(Stored data entries)
________

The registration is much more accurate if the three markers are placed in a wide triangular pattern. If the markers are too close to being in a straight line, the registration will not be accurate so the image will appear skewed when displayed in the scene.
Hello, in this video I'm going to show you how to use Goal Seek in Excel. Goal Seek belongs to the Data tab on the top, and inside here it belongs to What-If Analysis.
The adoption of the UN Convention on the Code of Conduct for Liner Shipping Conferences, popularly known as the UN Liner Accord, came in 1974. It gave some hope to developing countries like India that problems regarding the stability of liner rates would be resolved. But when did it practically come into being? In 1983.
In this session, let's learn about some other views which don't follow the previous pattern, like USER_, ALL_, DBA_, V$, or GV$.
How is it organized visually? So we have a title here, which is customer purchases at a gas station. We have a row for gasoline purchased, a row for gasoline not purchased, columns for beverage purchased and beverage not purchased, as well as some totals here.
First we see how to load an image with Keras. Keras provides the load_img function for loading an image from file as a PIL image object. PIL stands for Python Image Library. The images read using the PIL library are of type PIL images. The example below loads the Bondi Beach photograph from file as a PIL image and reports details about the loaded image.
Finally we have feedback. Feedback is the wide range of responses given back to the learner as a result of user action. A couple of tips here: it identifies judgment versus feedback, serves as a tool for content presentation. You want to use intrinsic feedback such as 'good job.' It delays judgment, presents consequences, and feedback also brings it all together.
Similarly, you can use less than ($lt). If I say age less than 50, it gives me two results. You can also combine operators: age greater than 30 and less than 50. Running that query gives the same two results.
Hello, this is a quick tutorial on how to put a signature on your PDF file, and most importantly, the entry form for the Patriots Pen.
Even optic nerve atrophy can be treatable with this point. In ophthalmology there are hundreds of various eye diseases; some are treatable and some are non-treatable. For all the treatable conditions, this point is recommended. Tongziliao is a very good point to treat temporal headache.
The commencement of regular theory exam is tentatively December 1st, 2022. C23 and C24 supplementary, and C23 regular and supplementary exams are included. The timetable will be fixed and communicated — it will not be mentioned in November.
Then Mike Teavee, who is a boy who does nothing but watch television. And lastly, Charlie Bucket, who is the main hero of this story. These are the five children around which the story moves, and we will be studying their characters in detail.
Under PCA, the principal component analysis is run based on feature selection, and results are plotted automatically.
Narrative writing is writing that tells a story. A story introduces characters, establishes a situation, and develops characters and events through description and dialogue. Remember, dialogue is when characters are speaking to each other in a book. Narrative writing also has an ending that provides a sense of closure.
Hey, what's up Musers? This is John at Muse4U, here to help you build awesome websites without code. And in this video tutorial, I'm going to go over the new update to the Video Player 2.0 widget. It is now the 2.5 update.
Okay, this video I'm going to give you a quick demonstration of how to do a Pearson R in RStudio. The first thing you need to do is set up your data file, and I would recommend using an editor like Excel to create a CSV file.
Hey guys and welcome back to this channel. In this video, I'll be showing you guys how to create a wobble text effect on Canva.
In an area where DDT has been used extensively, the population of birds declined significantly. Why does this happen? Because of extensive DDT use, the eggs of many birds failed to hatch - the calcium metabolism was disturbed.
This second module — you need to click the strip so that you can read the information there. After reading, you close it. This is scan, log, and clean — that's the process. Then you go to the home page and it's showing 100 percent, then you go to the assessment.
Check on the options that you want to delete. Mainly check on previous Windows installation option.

________

TO DO
Filter these records, keeping every line where the word "tutorial" occurs.

REPLY
Hello, this is a quick tutorial on how to put a signature on your PDF file, and most importantly, the entry form for the Patriots Pen.
Hey, what's up Musers? This is John at Muse4U, here to help you build awesome websites without code. And in this video tutorial, I'm going to go over the new update to the Video Player 2.0 widget. It is now the 2.5 update.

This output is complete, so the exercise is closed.